Se hizo evidente bastante pronto que el SARS-CoV-2 no era un virus asesino y que nunca había habido un aumento exponencial de nuevas infecciones. El precio por intentar contener el virus era absurdamente alto.

¿Qué hizo bien el gobierno?

Los autores no tienen respuesta a esta pregunta. Esperan recibir la suya.

¿Qué hizo mal el gobierno?

Proclamó una epidemia de preocupación nacional que no existía. Privó a los ciudadanos de sus derechos. Tomó decisiones arbitrarias en vez de basadas en pruebas. Propagó intencionalmente el miedo.

Impuso un cierre sin sentido y el uso de máscaras. Devastó la economía y destruyó los medios de vida. Perturbaba el sistema de atención de la salud. Infligió un inmenso sufrimiento a la población.

¿Qué debería haber hecho nuestro gobierno?

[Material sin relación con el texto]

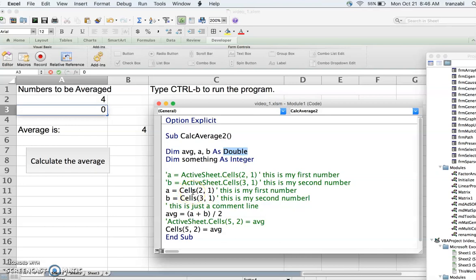Another thing we learned is Cells. Cells is used for both reading and writing. If Cells appears on the right side of the equals sign, it's a reading command — it reads the number from that cell and assigns it to the variable on the left. If Cells appears on the left side, it's a writing command — it writes whatever is on the right to the spreadsheet at that row and column. I'll be posting more videos with more complex code as we go along.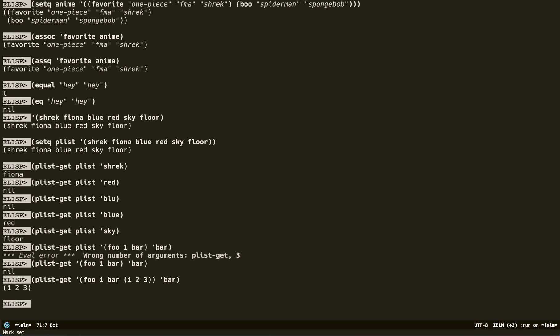Now I've shown you the association list and the property list. I guess what I should tell you is when to use each, because they are pretty similar. My opinion: if you're just using it for yourself, use either one — it doesn't matter — as long as you're consistent. If you choose association list, be all in on either dotted cons cells or regular lists inside. But in Emacs, they do make a distinction. For example, if you work with faces or changing how text looks in Emacs, you're going to have to use a property list.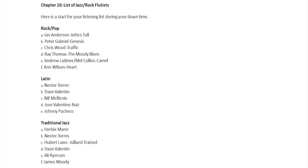Rock and Pop: Ian Anderson from Jethro Tull, Peter Gabriel from Genesis, Chris Wood from Traffic, Ray Thomas from The Moody Blues, Andrew Latimer and Mill Collins from Camel, Ann Wilson from Heart.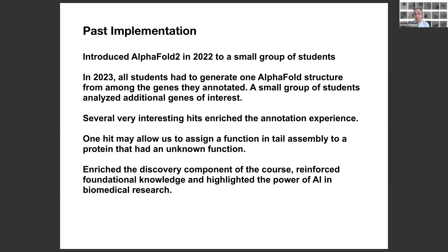Using AlphaFold definitely enriched the discovery component of the course by allowing students to probe deeper into whether they could figure out the function of the proteins they were looking at. It reinforced foundational knowledge of protein structure and highlighted the power of AI in biomedical research.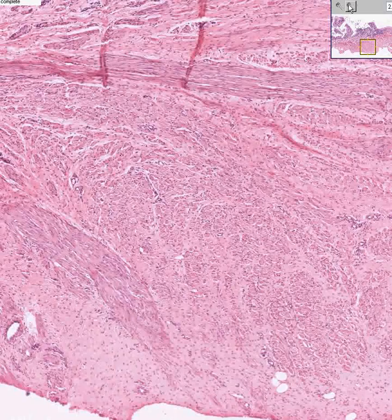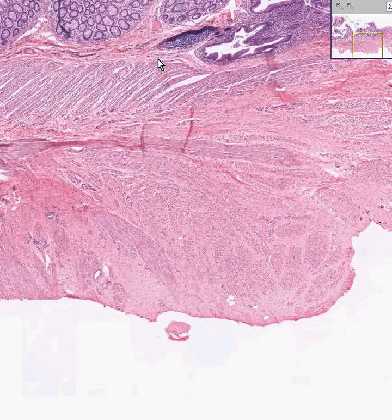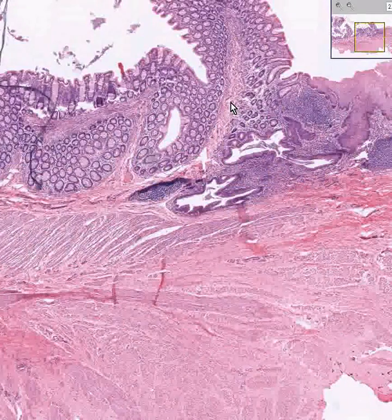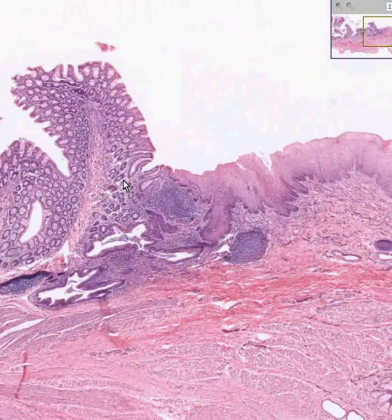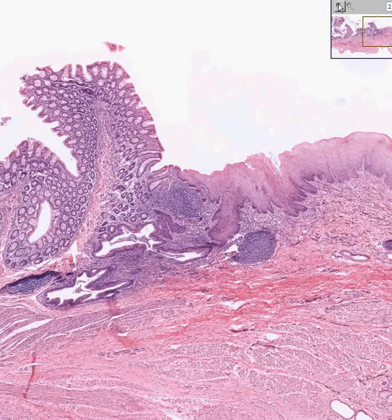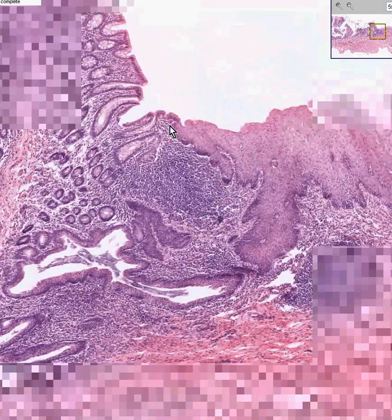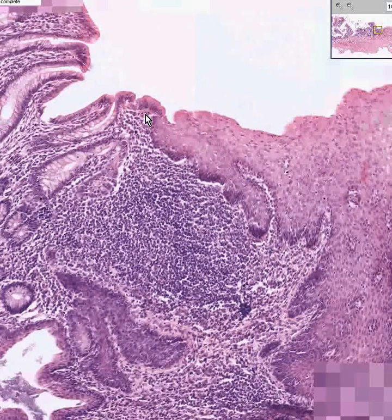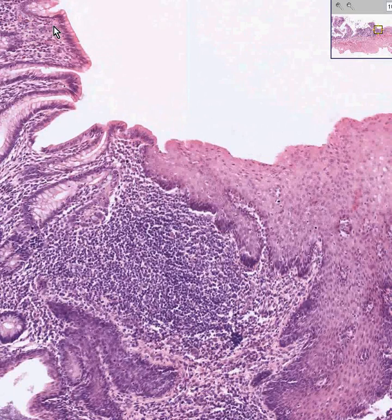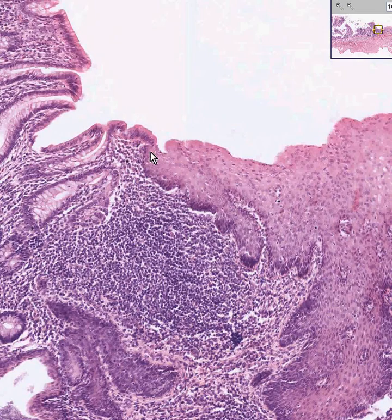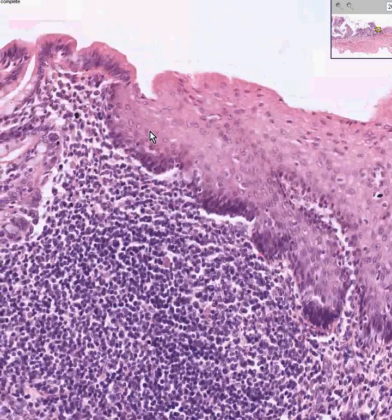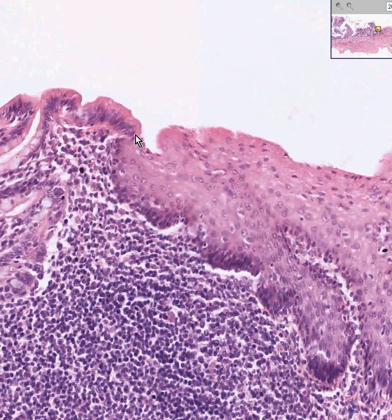This is the squamous-columnar junction of the rectum and anus. The precise location is also called the pectinate line. You could actually boil down the actual transition to a single cell — all of these are your columnar cells of the rectum and your squamous cells of the anus. Here is probably the last columnar cell and here is probably the first squamous cell right there.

Debería haber hecho lo que el canciller y los ministros declararon solemnemente cuando juraron el cargo:

«Juro que usaré mi poder para el BIENESTAR del público alemán, para promover sus VENTAJAS, para prevenir DAÑOS, para PRESERVAR y DEFENDER la constitución y los estatutos federales, para cumplir diligentemente con mi deber y practicar un trato justo hacia todos

5. Daños colaterales

El Dr. David L. Katz, Presidente de la Iniciativa de Salud Verdadera, preguntó el 20 de marzo si nuestra lucha contra el coronavirus era peor que la enfermedad (167). ¿No podría haber medios más específicos para combatir la enfermedad? ¿Qué hay de todos los daños colaterales?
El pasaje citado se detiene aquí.